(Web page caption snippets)
========================
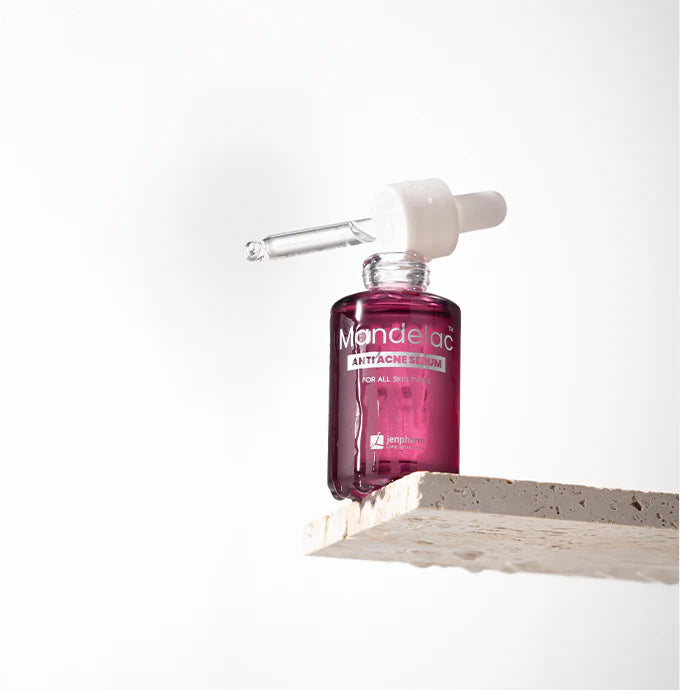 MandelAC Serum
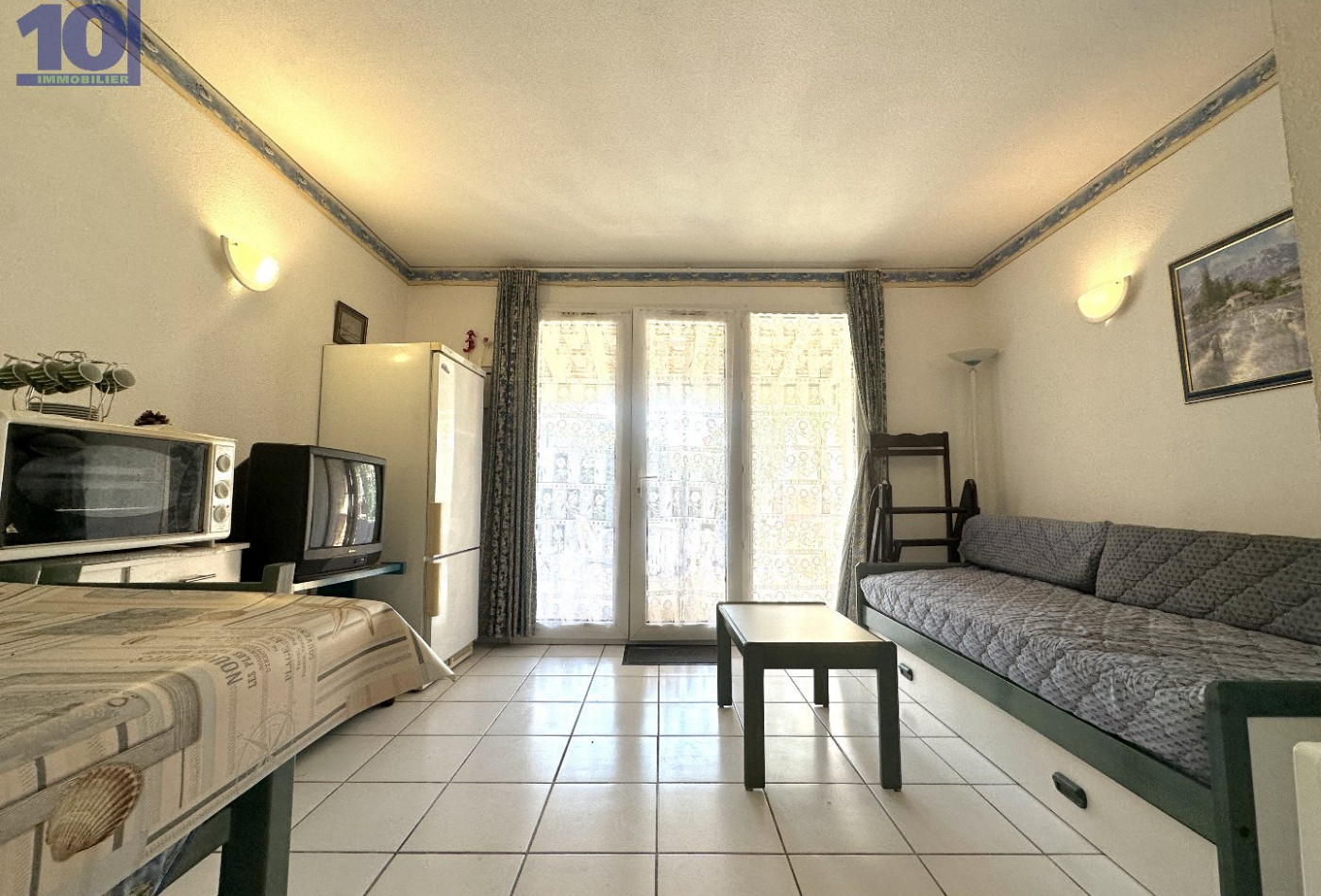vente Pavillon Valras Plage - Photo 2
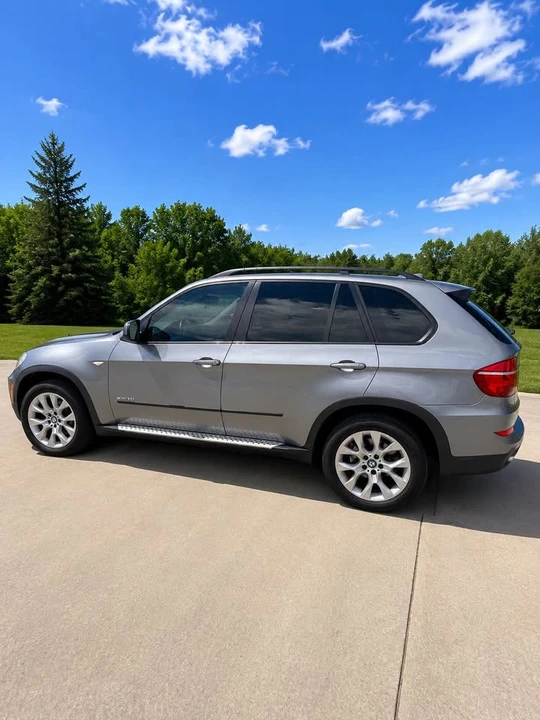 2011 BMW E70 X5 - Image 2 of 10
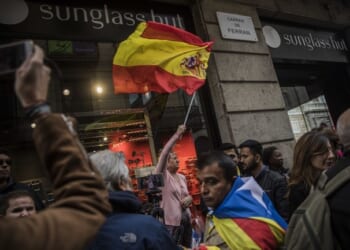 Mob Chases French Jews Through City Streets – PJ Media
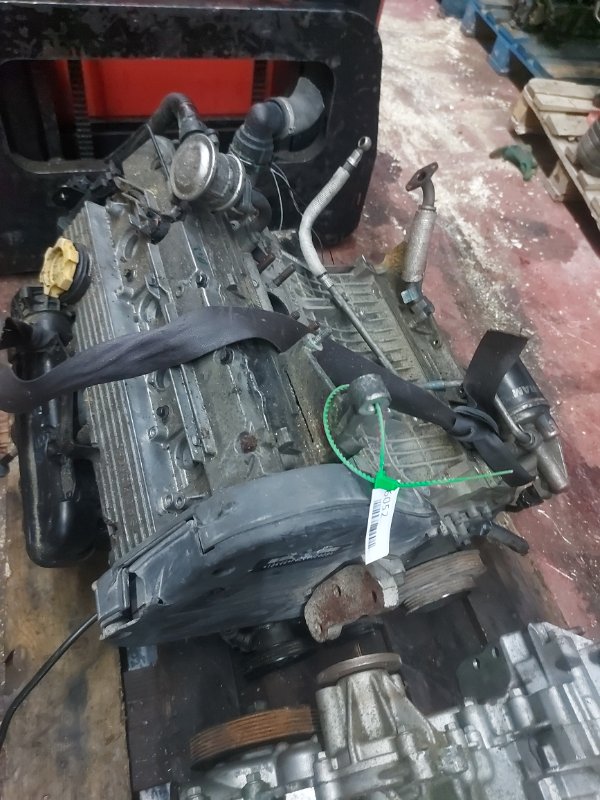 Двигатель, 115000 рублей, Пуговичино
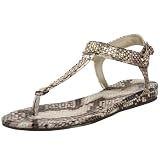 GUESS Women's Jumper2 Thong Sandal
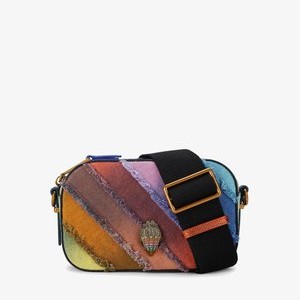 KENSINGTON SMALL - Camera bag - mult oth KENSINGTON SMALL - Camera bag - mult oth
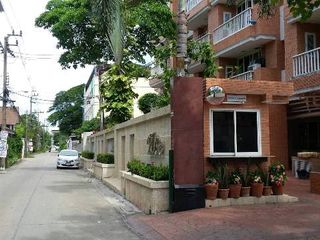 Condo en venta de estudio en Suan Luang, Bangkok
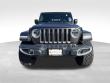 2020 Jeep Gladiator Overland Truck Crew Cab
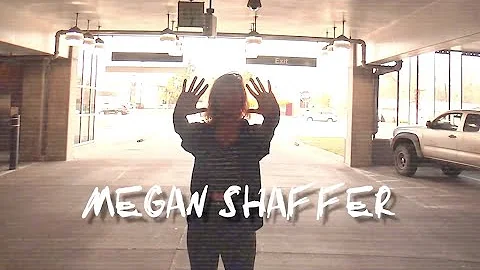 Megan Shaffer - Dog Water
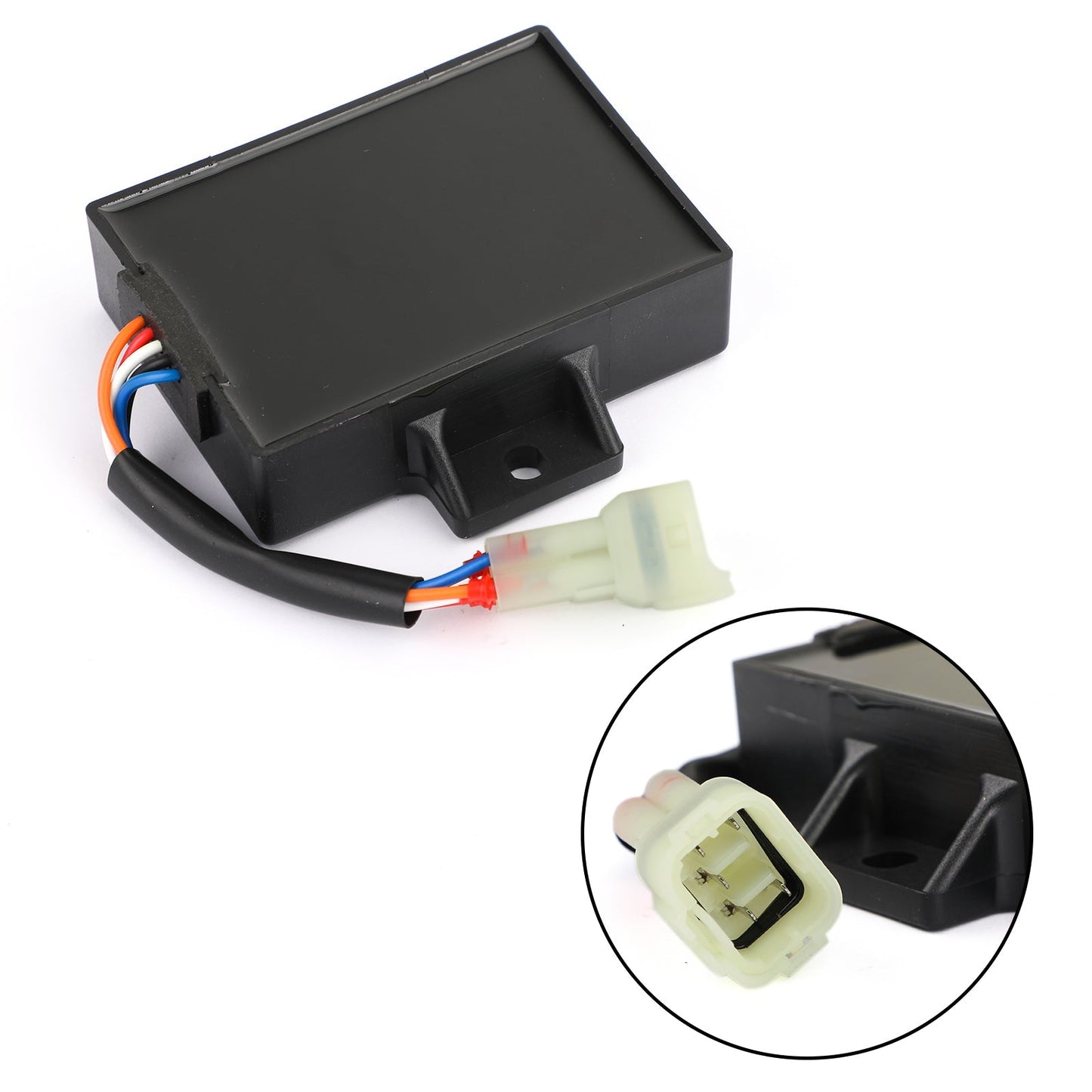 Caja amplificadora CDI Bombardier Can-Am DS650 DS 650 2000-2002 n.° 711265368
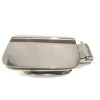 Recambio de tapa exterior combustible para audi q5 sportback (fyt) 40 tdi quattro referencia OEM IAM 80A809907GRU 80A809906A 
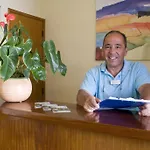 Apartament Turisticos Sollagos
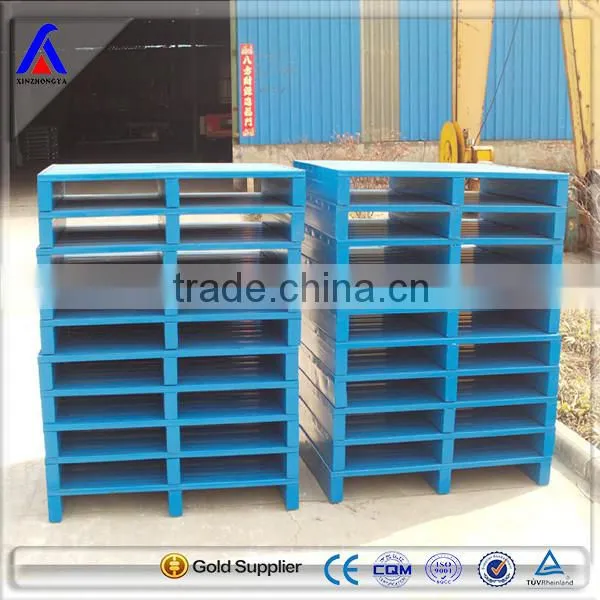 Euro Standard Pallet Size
========================
A verbatim copy of every record is required, with all pictures excluded.

• Solved problem
 MandelAC Serum
vente Pavillon Valras Plage - Photo 2
 2011 BMW E70 X5 - Image 2 of 10
 Mob Chases French Jews Through City Streets – PJ Media
 Двигатель, 115000 рублей, Пуговичино
 GUESS Women's Jumper2 Thong Sandal
 KENSINGTON SMALL - Camera bag - mult oth KENSINGTON SMALL - Camera bag - mult oth
 Condo en venta de estudio en Suan Luang, Bangkok
 2020 Jeep Gladiator Overland Truck Crew Cab
 Megan Shaffer - Dog Water
 Caja amplificadora CDI Bombardier Can-Am DS650 DS 650 2000-2002 n.° 711265368
 Recambio de tapa exterior combustible para audi q5 sportback (fyt) 40 tdi quattro referencia OEM IAM 80A809907GRU 80A809906A 
 Apartament Turisticos Sollagos
 Euro Standard Pallet Size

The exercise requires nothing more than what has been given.